Start of Block

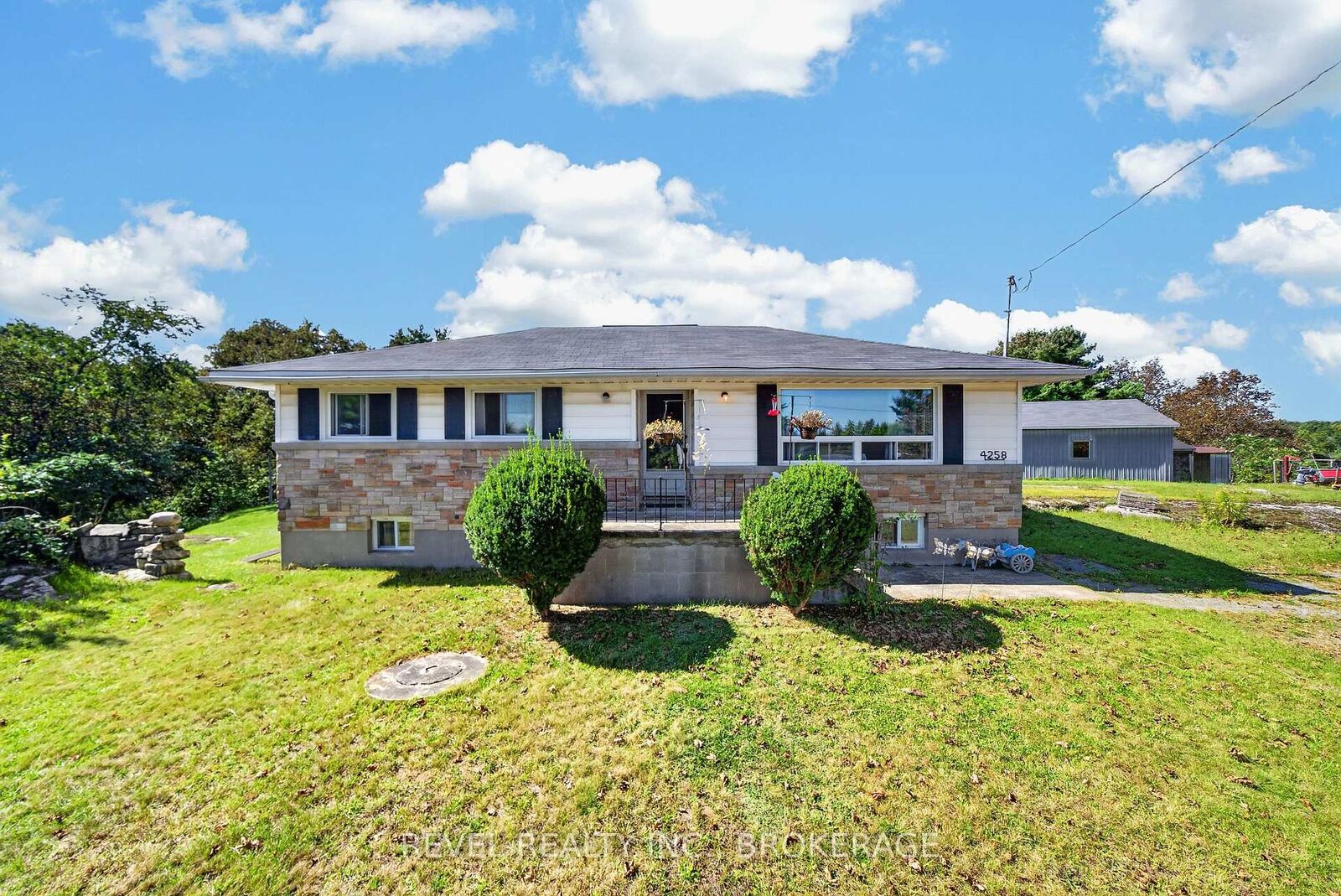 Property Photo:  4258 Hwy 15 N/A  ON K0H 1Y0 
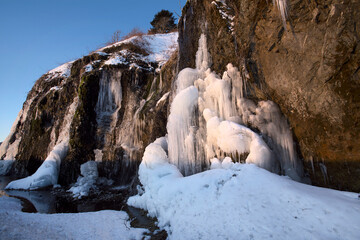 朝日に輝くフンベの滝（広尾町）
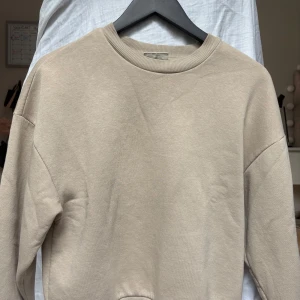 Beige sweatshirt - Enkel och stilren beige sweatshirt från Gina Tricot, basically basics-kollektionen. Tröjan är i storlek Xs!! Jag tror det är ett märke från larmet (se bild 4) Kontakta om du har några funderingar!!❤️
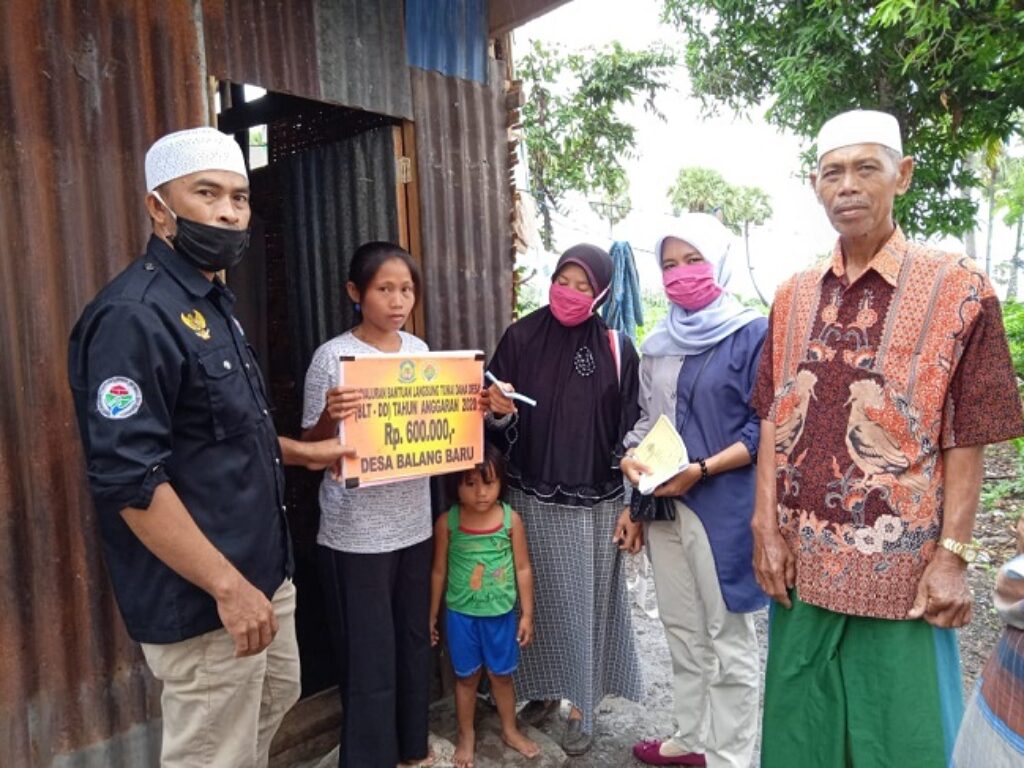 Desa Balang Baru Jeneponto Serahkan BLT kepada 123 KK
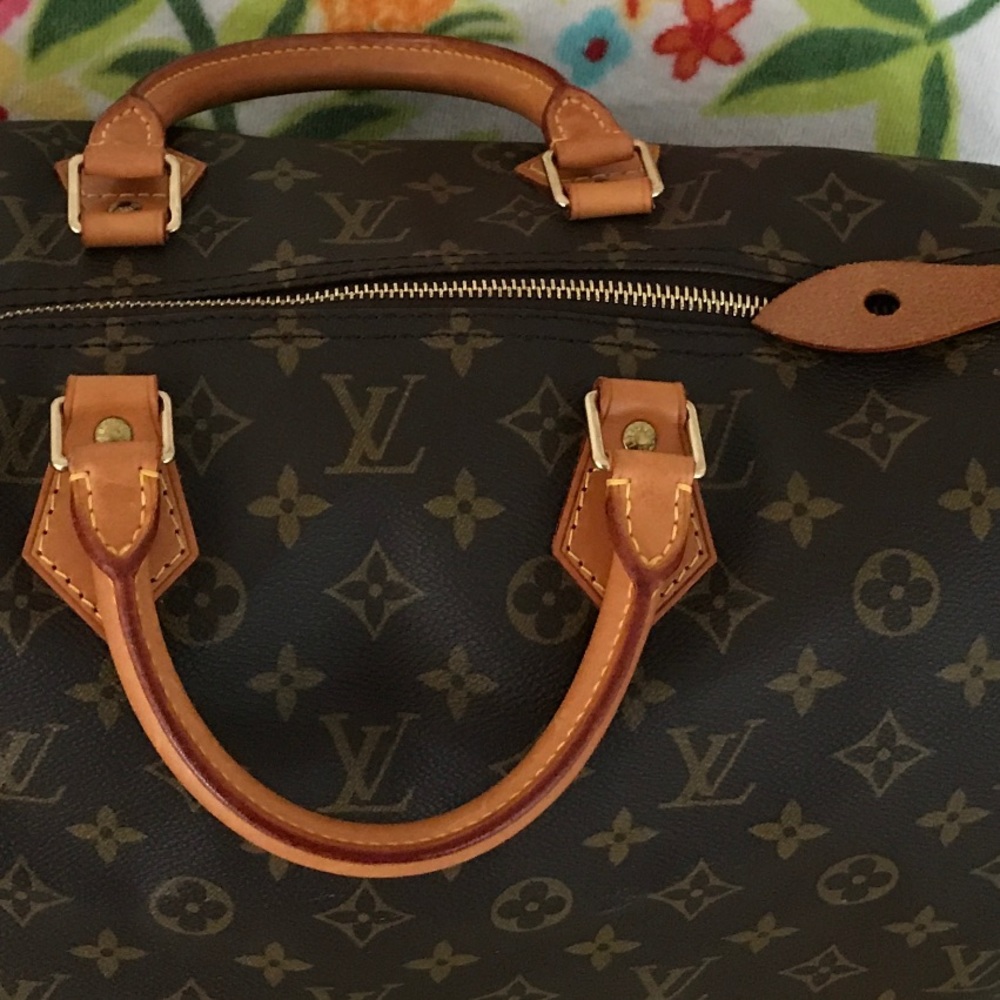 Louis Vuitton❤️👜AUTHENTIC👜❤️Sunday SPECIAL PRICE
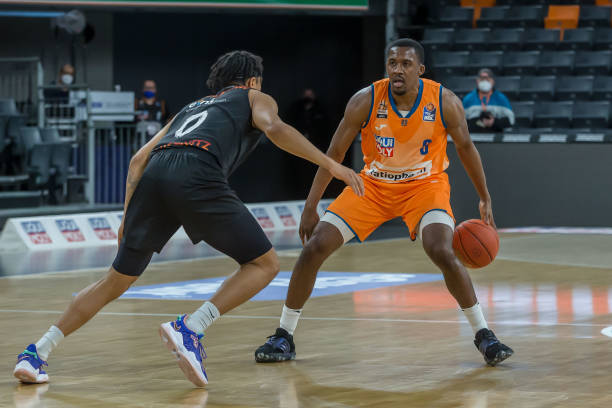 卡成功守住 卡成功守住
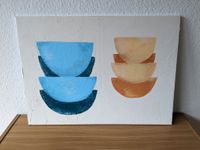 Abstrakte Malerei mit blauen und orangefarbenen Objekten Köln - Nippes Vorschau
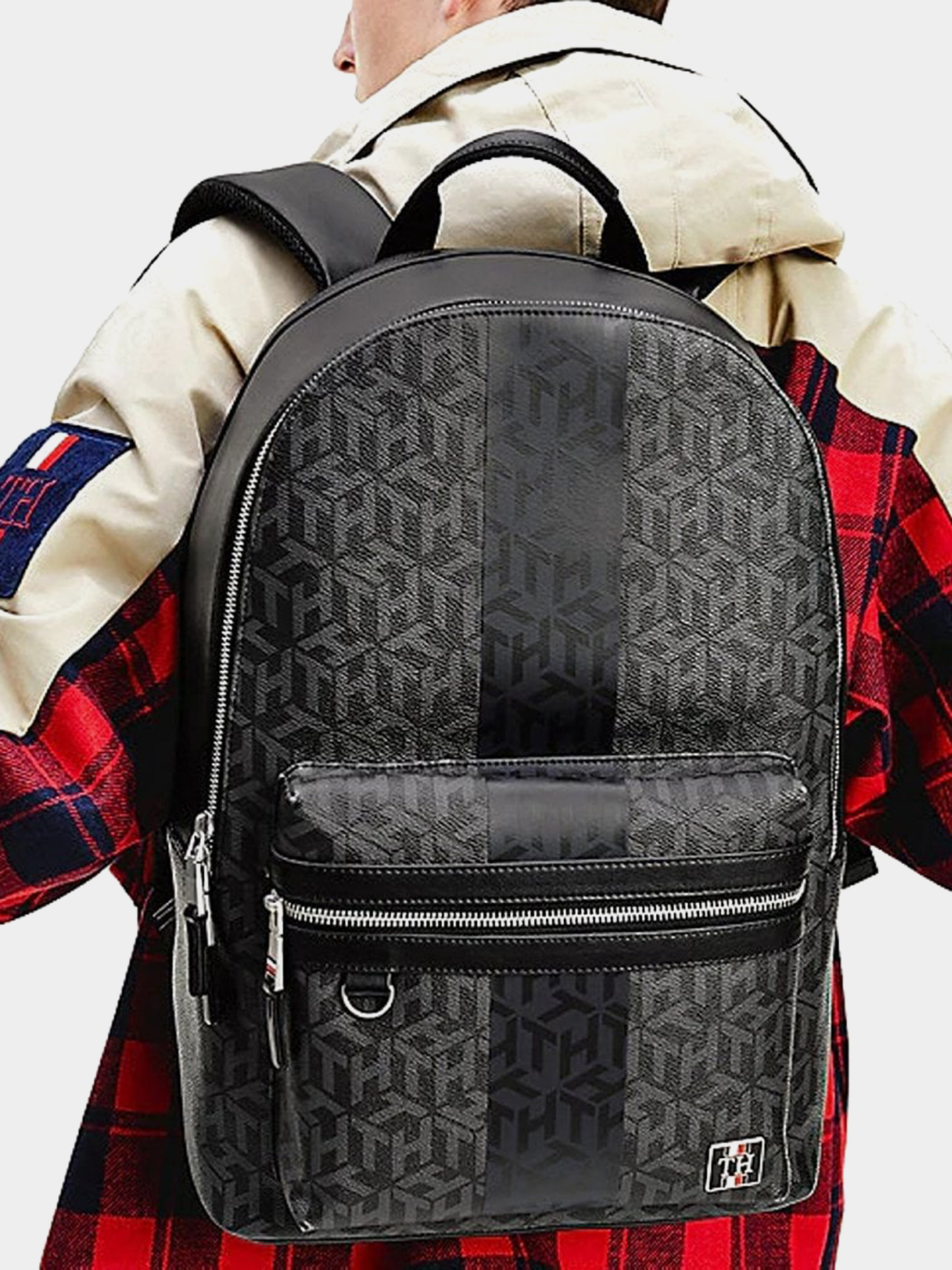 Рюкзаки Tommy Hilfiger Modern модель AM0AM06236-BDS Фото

End of Block

_What the task asks_. Only the text of the listing should be returned, exactly and in full; no image goes into the copy.

_Output of the exercise_.
 Property Photo:  4258 Hwy 15 N/A  ON K0H 1Y0 
 朝日に輝くフンベの滝（広尾町）
 Beige sweatshirt - Enkel och stilren beige sweatshirt från Gina Tricot, basically basics-kollektionen. Tröjan är i storlek Xs!! Jag tror det är ett märke från larmet (se bild 4) Kontakta om du har några funderingar!!❤️
 Desa Balang Baru Jeneponto Serahkan BLT kepada 123 KK
 Louis Vuitton❤️👜AUTHENTIC👜❤️Sunday SPECIAL PRICE
 卡成功守住 卡成功守住
 Abstrakte Malerei mit blauen und orangefarbenen Objekten Köln - Nippes Vorschau
 Рюкзаки Tommy Hilfiger Modern модель AM0AM06236-BDS Фото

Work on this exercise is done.